Читать «Дневник (1887-1910)» онлайн - страница 88

Жюль Ренар

* Если бы все мои почитатели покупали мои книги, у меня было бы меньше почитателей.

12 ноября. В театре "Эвр" Пер-Гюнт. Но в отчаянии - собирается кончать самоубийством. Только не здесь, ради бога! Подождите, пока я уйду. Плох ли он или хорош, наш французский дух, но он все-таки существует. Кто из нас имел бы мужество, - если бы, конечно, мог, - писать такие пьесы, как Ибсен?

Музыка: когда начинают играть очень громко или очень тихо, публика аплодирует. Сколько же еще дураков в музыке!

Какой-то господин в ярости от этих рукоплесканий: "Нет уж, хватит, нет! Чему вы аплодируете?"

Нам ведь тоже иной раз приходит мысль написать нашего "Фауста", но мы удерживаемся. Северяне не удерживаются и превращают дюжинного буржуа в пленника, опьяненного свободой.

Эрнст Лаженес сидит выпрямившись, чтобы заставить всех глядеть на него. Он чувствует, что кто-то из заднего ряда рисует его, и старается не шевелиться: старается повыигрышнее повернуться в профиль.

И я тоже думаю, что на меня глядят. И любовницы наших великих критиков, и все женщины в ложах считают, что на них глядят. Бедняжки! Если бы слава стала всеобщей и столь же разлитой, как воздух, ее все равно не хватило бы на нас всех.

Французский дух любит великое, но он хочет ясно видеть, к чему клонят. Он доделывает шедевры.

* О, пусть гений даст мне толчок, даже рискуя разбить мне голову.

* Именно ценою своих страхов я произвожу на людей впечатление полнейшего благополучия.

16 ноября. Верлен. Прочел его письма, опубликованные в "Ревю Бланш" в № 83. Его стиль: распад, осыпь листьев с гниющего дерева.

* Ученый - это человек, который в чем-то почти уверен.

17 ноября. Веселый автор. Я хорошо потрудился, и я доволен своей работой. Кладу перо, потому что уже темнеет.

Мечты в сумерках. Моя жена и дети сидят в соседней комнате, жизнерадостные, веселые. Я здоров, у меня есть успех, денег не слишком много, но достаточно.

Боже, до чего же я все-таки несчастлив.

20 ноября. Мне, мне менять что-либо в стиле Лафонтена, Лабрюйера, Мольера! Дураков нет!

* Мейер: У меня болит колено. Капюс: Должно быть, мигрень.

28 ноября. Встретив сумасшедшего, который думает одинаково со мной, я говорю близким:

- Вот видите! Значит, я не сумасшедший.

1 декабря. Я в отчаянии: я не могу больше плохо писать.

* Дело не в том, чтобы писать по-новому. Дело в том, чтобы написать маленькую брошюрку в пять-шесть страниц и возвестить с криком и руганью, что отныне пишешь по-новому.

* Не желаю писать критических статей. На каждом шагу я рискую задеть авторов, которые восхищаются мною, хотя я об этом не знаю.

8 декабря. Хмурая, дождливая погода, когда хорошо сидеть только на кухне. Поленья, которые занялись лишь посередке, а по краям у них выступают пузырьки пены. Шероховатые балки, угол двери обгрызен мышами.

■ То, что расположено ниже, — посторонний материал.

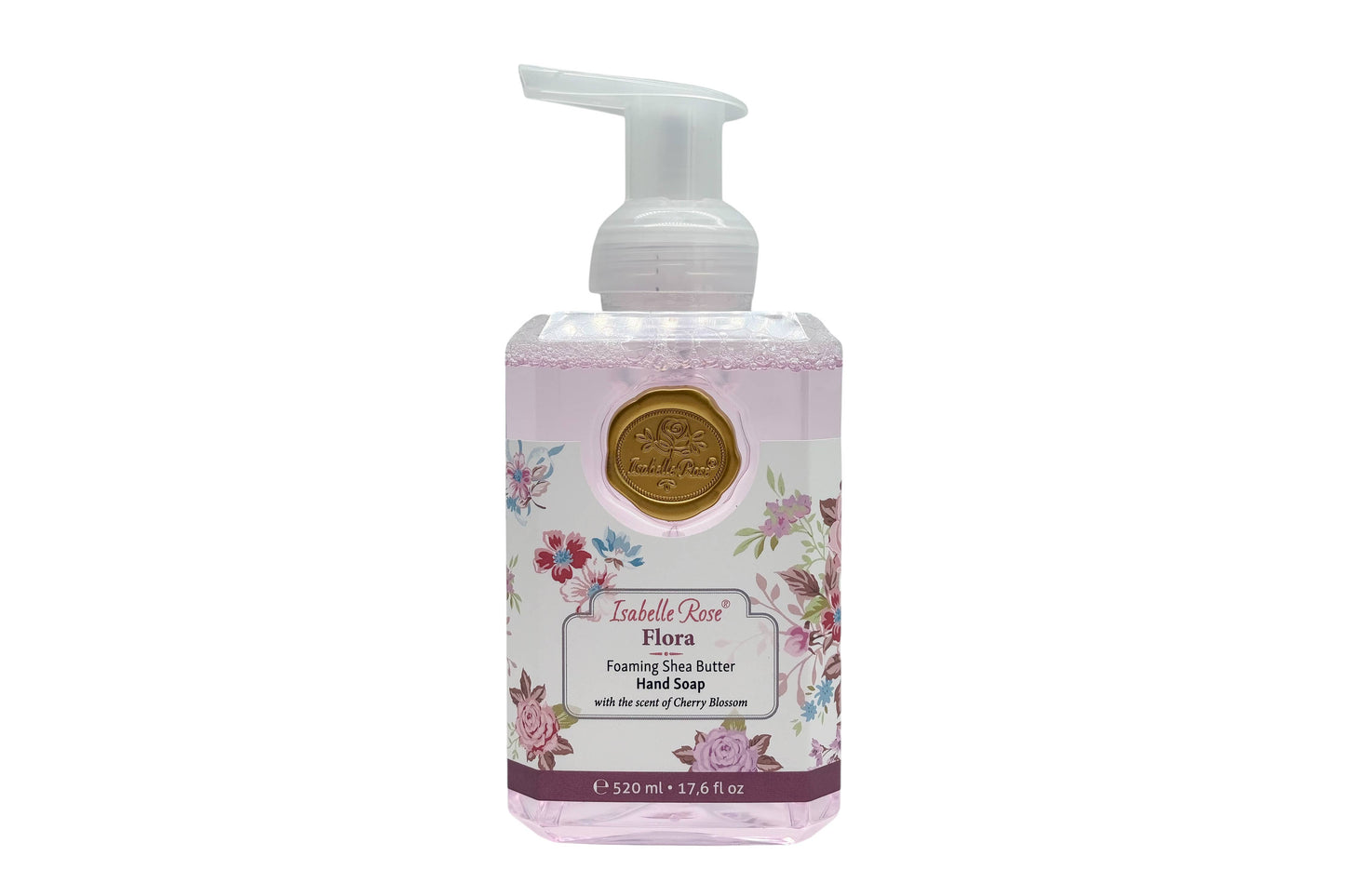 Foaming shea butter soap Flora 520 ml Isabelle Rose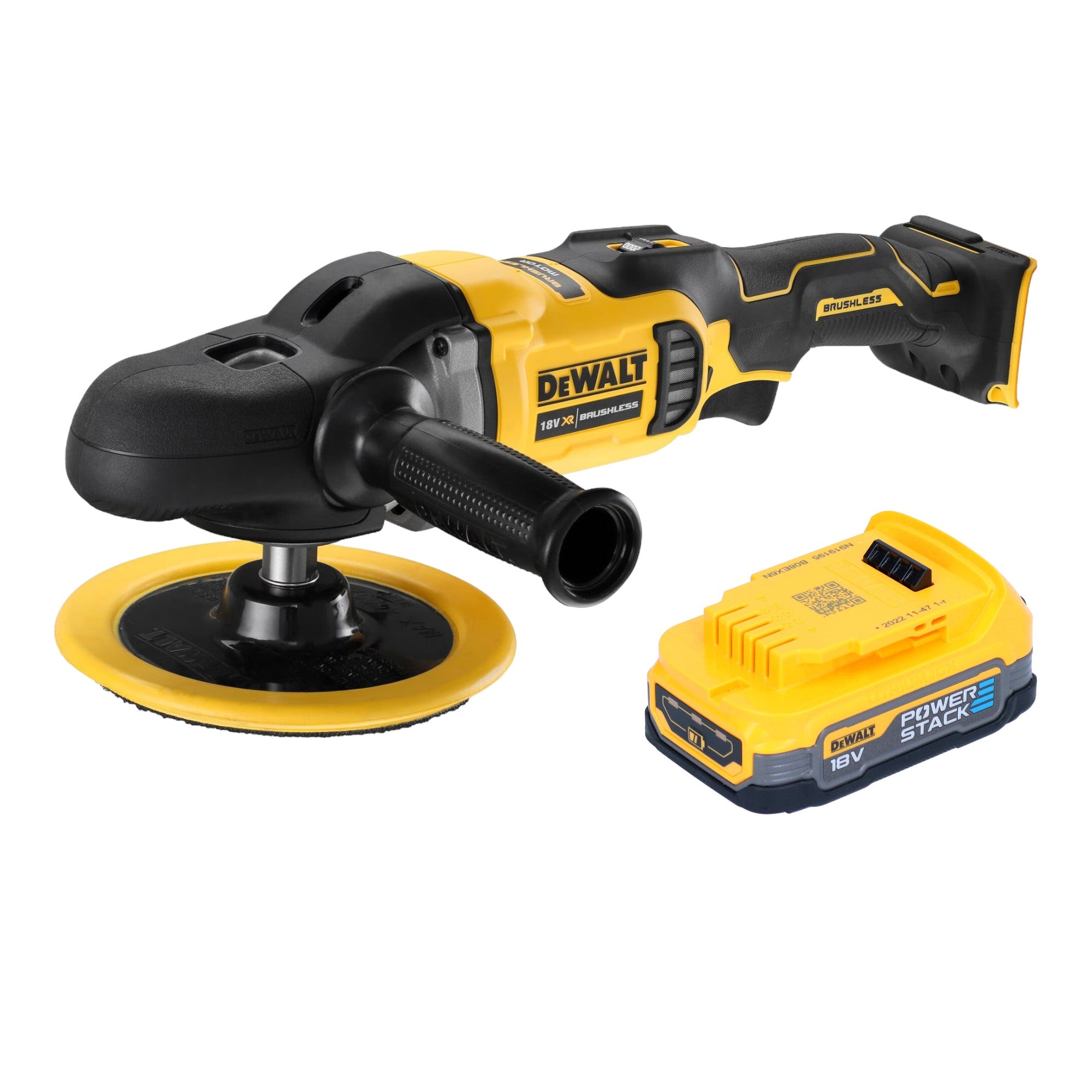 DeWalt DCM 849 N Akku Exzenter Poliermaschine 18 V 180 mm Brushless 1x Powerstack Akku 1 7 Ah ohne Ladegeraet 0 - toolbrothers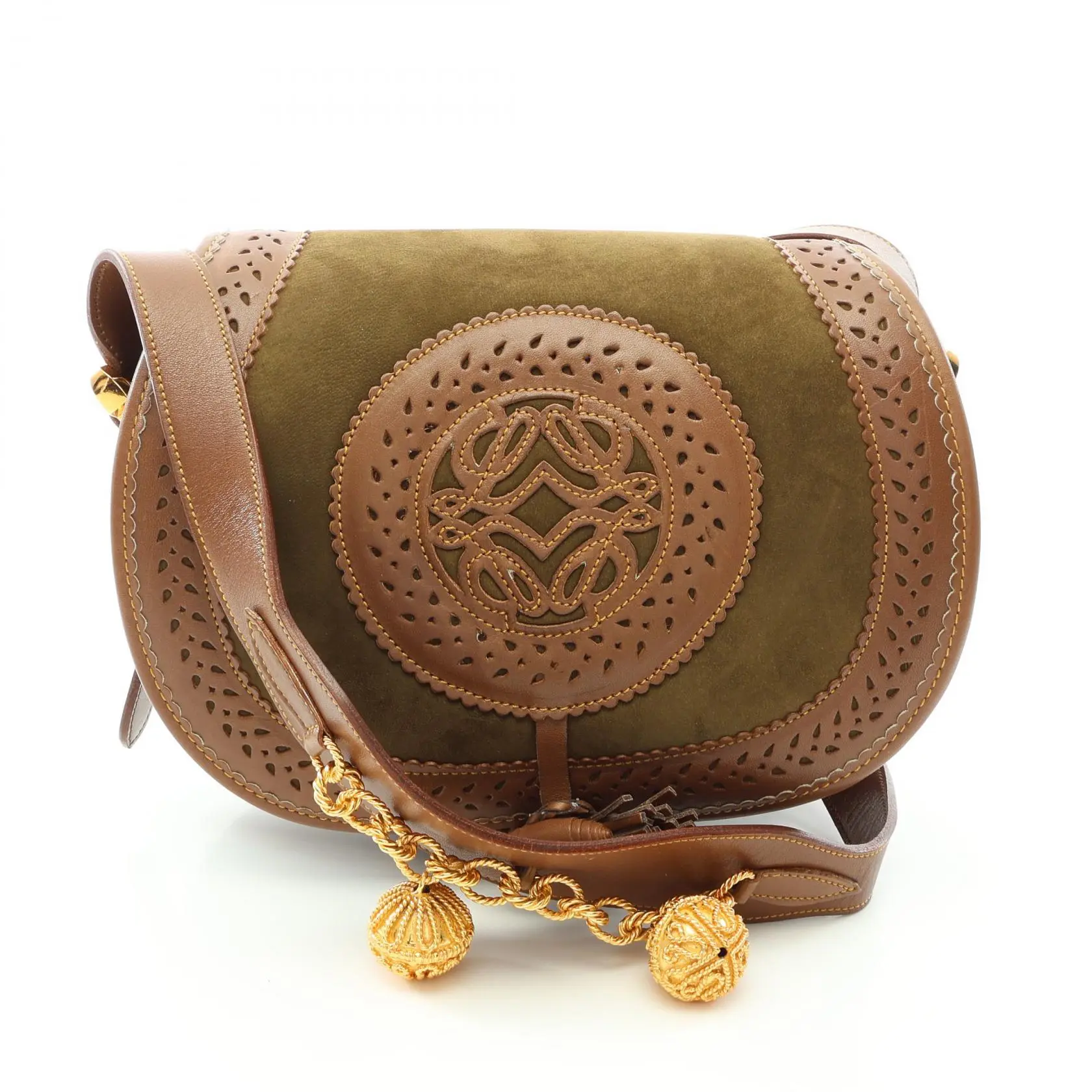 Pre-owned Loewe Suede Shoulder Bags Sevilla Collection Leather Shoulder Bag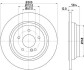Тормозной диск зад. W221/C216/R230 04-13 2.0-6.0 (PRO) HELLA PAGID 8DD355115-411 (фото 1)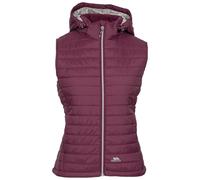 Trespass Women's Aretha Casual Gilet in Maroon | Size: Small Trespass Maroon S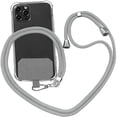 thumbnail image 1 of Cordón para teléfono, correa para el cuello y correa para la muñeca Soporte para llavero Universal para el ancla de la caja del teléfono Se adapta a todos los teléfonos inteligentes Adepaton WMZL-2166-5, 1 of 7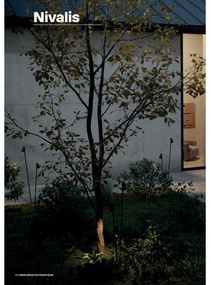 Redo 90712 - LED vonkajšia lampa NIVALIS 2xLED/6,9W/230V 110 cm IP65 hnedá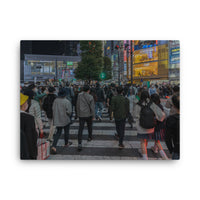 Crossing Into the Current — gallery canvas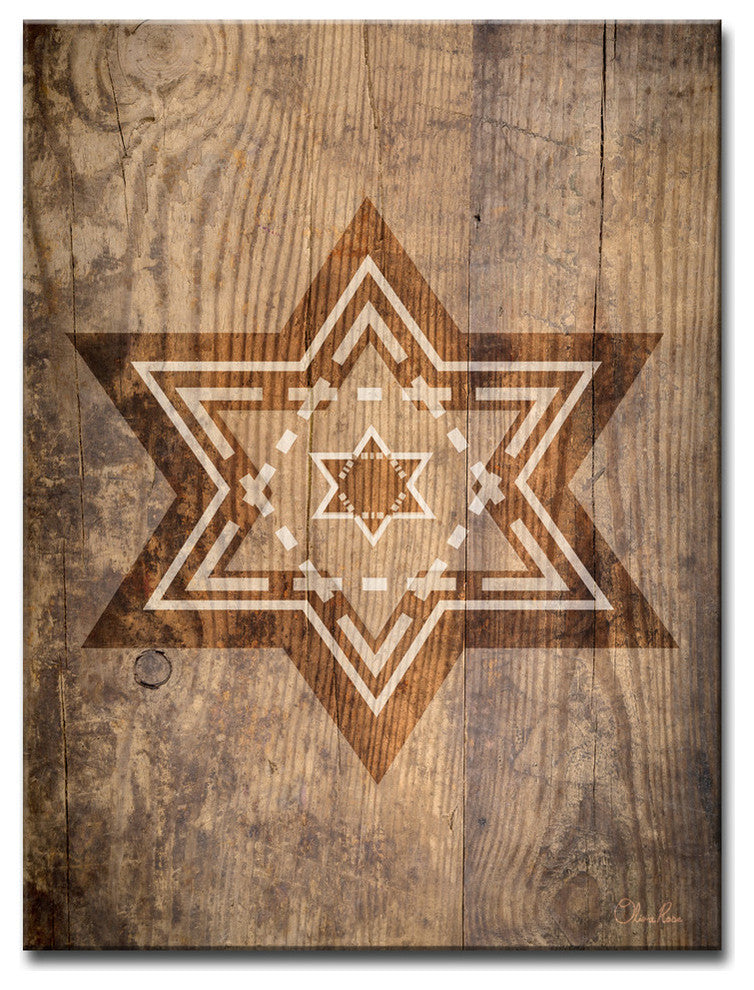 Ready2HangArt Inspirational 'Star of David IX' Wrapped Canvas Wall Art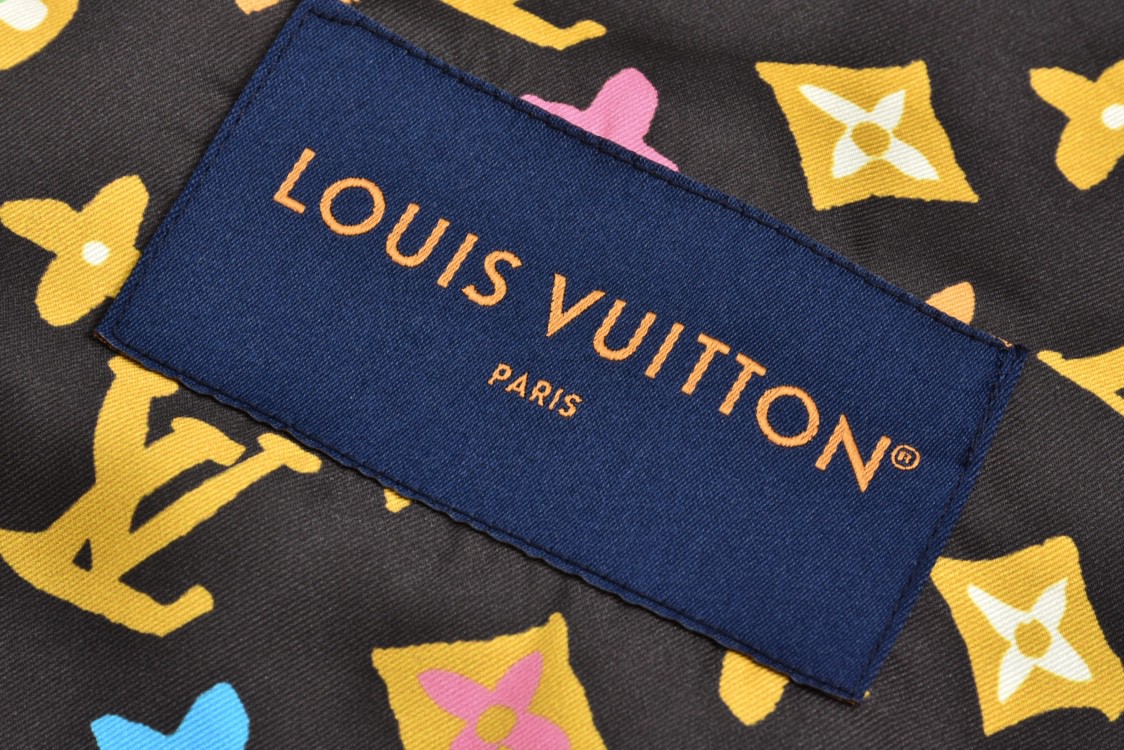 LOUIS VUITTON 路易威登 Tyler 联名 毛领刺绣字母logo棉服 夹克 长袖 外套 秋冬款 1AFPTM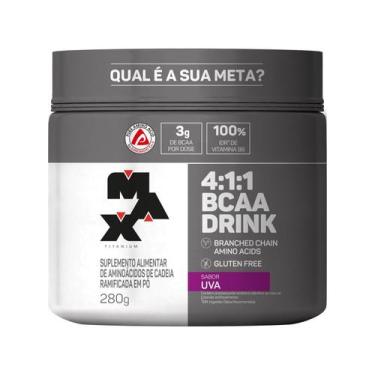 Imagem de BCAA 4:1:1 Drink 280g Uva - Max Titanium, 1, 280g, Uva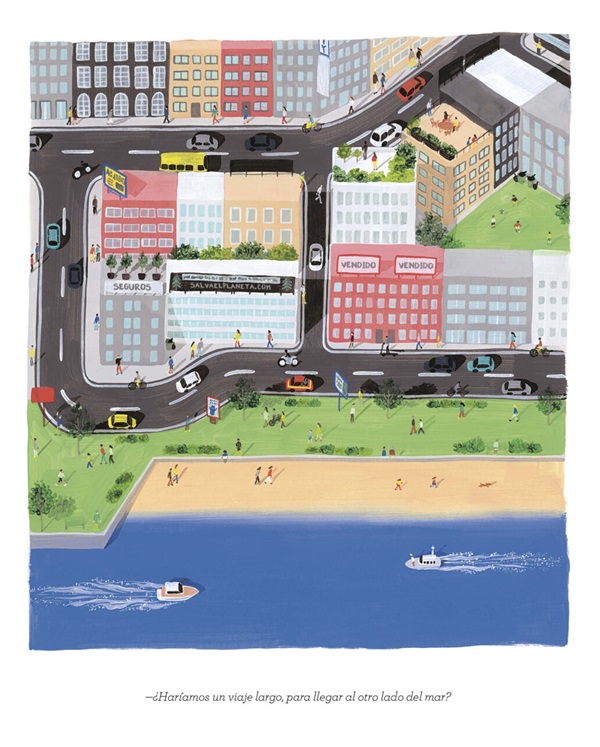 Ilustración de Al otro lado del mar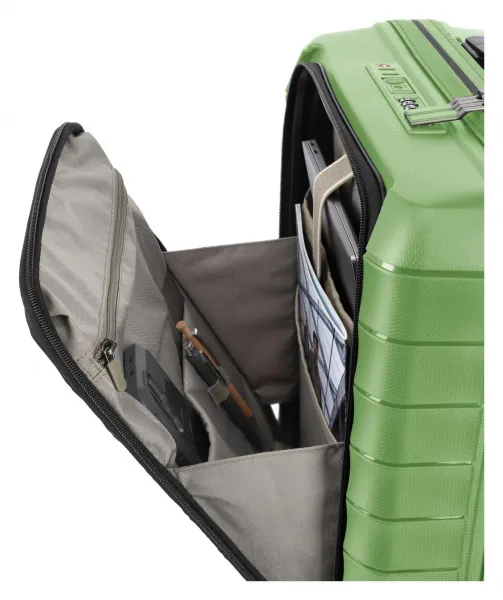 Sada cestovných kufrov Travelite Mooby S,M,L Front pocket Green
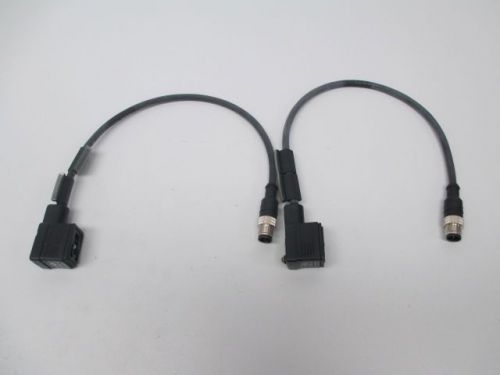 Lot 2 new ifm efector e11431 jumper cable m12 24v ac/dc d254744 for sale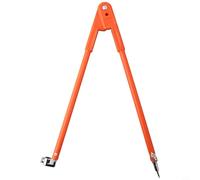 45/75cm Diameter Scribe Circular Pencil Drawing Compasses Adjustable Marking Tool for Carpentry and Woodworking with Zinc A(40X150MM)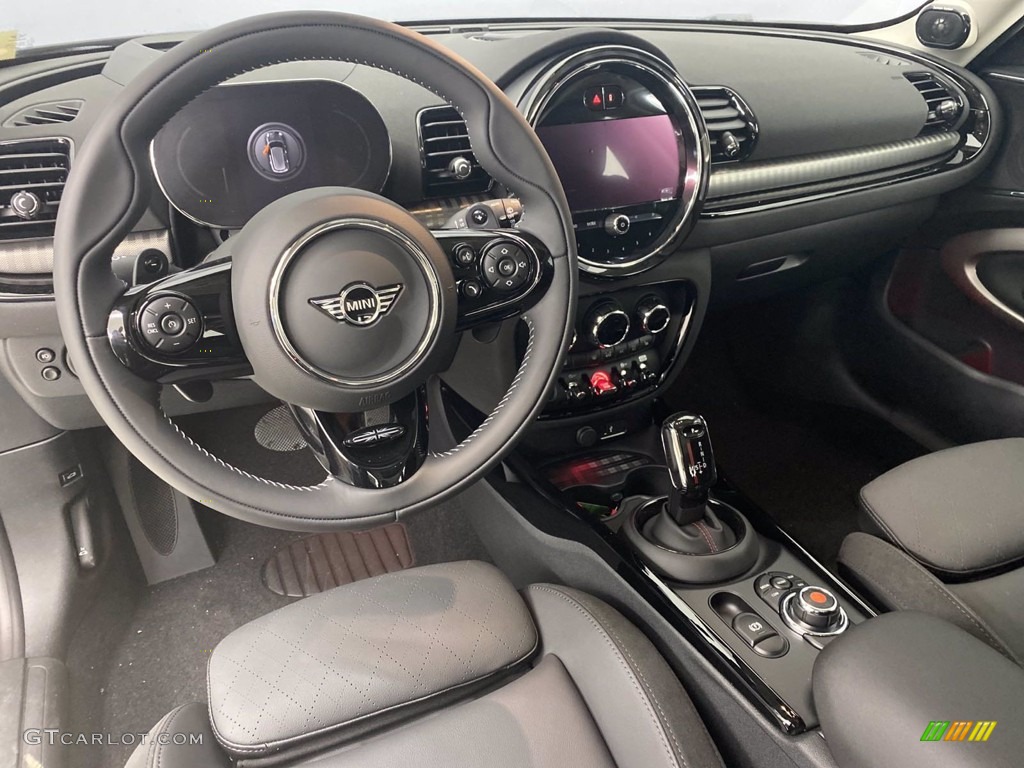 2021 Clubman Cooper S All4 - British Racing Green IV Metallic / Carbon Black/Cross Punch Leather photo #15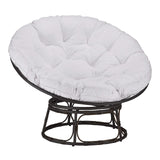 Birsppy Better Homes & Gardens Papasan Chair with Fabric Cushion (White) Birsppy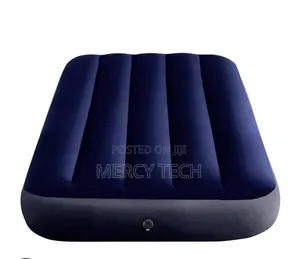 Intex Inflatable Mattress With Free Electric Pump (2.5x6)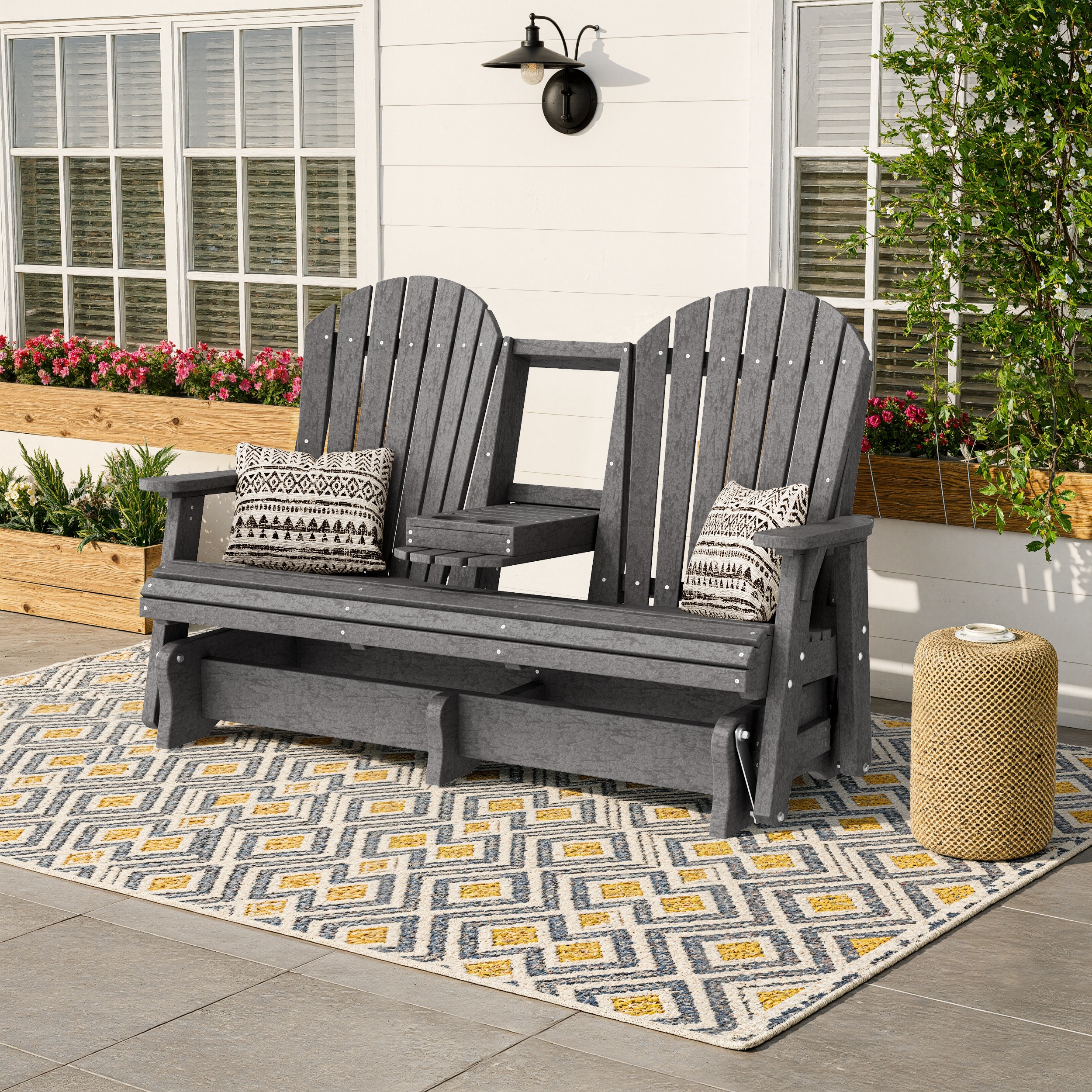 Heritage Adirondack Console Glider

Котел висит, как остановившийся маятник, тряпки грязные, но не сухие, у чугунного котелка одна лишняя ручка, будильник стучит, как задыхающееся сердце, разливательная ложка блестит, как митра епископа. Гвозди, с умом вбитые в стену, стол на некрашеных ногах. Щипцы - одни сплошные ножки, лопата, которой приходится жить вниз головой. Корзинка, раздувшаяся на манер кринолина, метелка, похожая на подрумяненную бороду рыжего человека. Глиняная миска, розовая, как мордочка теленка. Мыло как кирпич.